I have a dedicated home theater but generally use at weekends so the projector remain several days or more without being used.

I've always considered that it was better to leave power supplies connected rather than subjecting them to on off transitions but I'd be curious to know what other people with similar setups do.

Thanks in advance.


----------



## ALMFamily (Oct 19, 2011)

I leave mine in standby and have not had an issue at all - I think leaving in standby is a better way to go much like putting a computer in sleep mode...


----------



## RBTO (Jan 27, 2010)

Since I have a dust cover for my dual AE2000 projectors, I always remove the power (after letting them cool & go to standby mode), and disconnect the HDMI feed.

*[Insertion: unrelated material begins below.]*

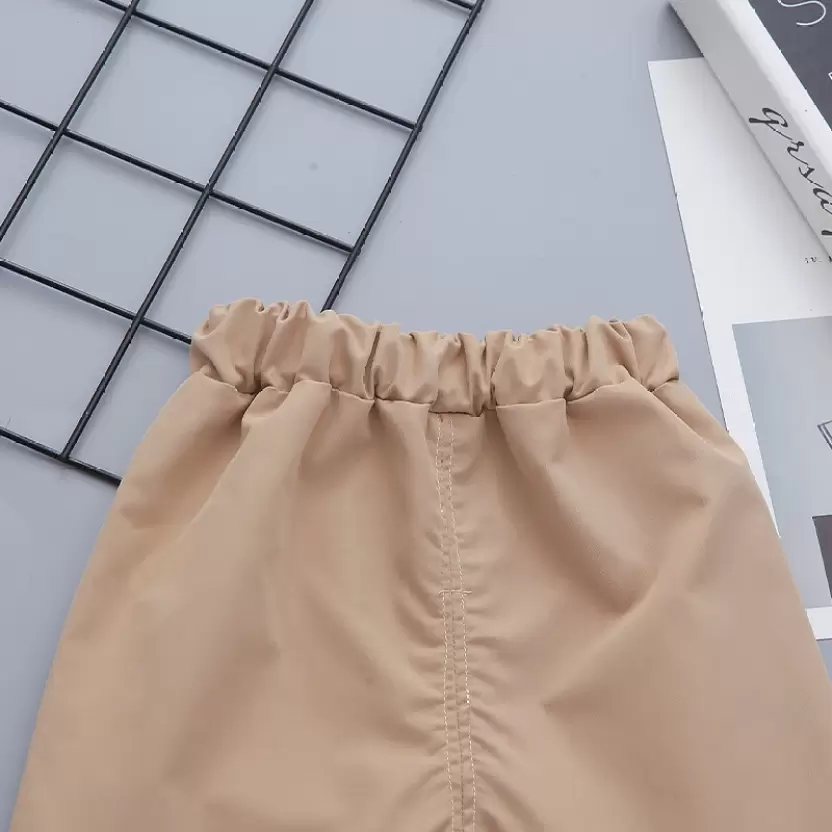 Round Neck Half Sleeve Set Duck Print - Image 9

I've never had a problem, and it provides an extra degree of lightning protection since they're completely isolated from the electrical and signal systems during that time. It's somewhat different with a computer where a hard drive is involved, but even there, I shut down my computer when I'm not using it, and other than a hard drive failure (after 10 years), I've had no problems. My Directv receiver, on the other hand is on all the time (it goes into a pseudo-standby mode when it's turned off), and it eats a hard drive about every two years or less (part of the reason is the way the drive is utilized - they are hammered even when the unit is "off").

Just to provide some differing perspectives on this topic.


----------



## Prof. (Oct 20, 2006)

I agree..All power should be removed from all equipment to prevent any damage from power spikes or lightning strikes..
I switch all my gear off with one press of a button on a remote controlled power switch..


----------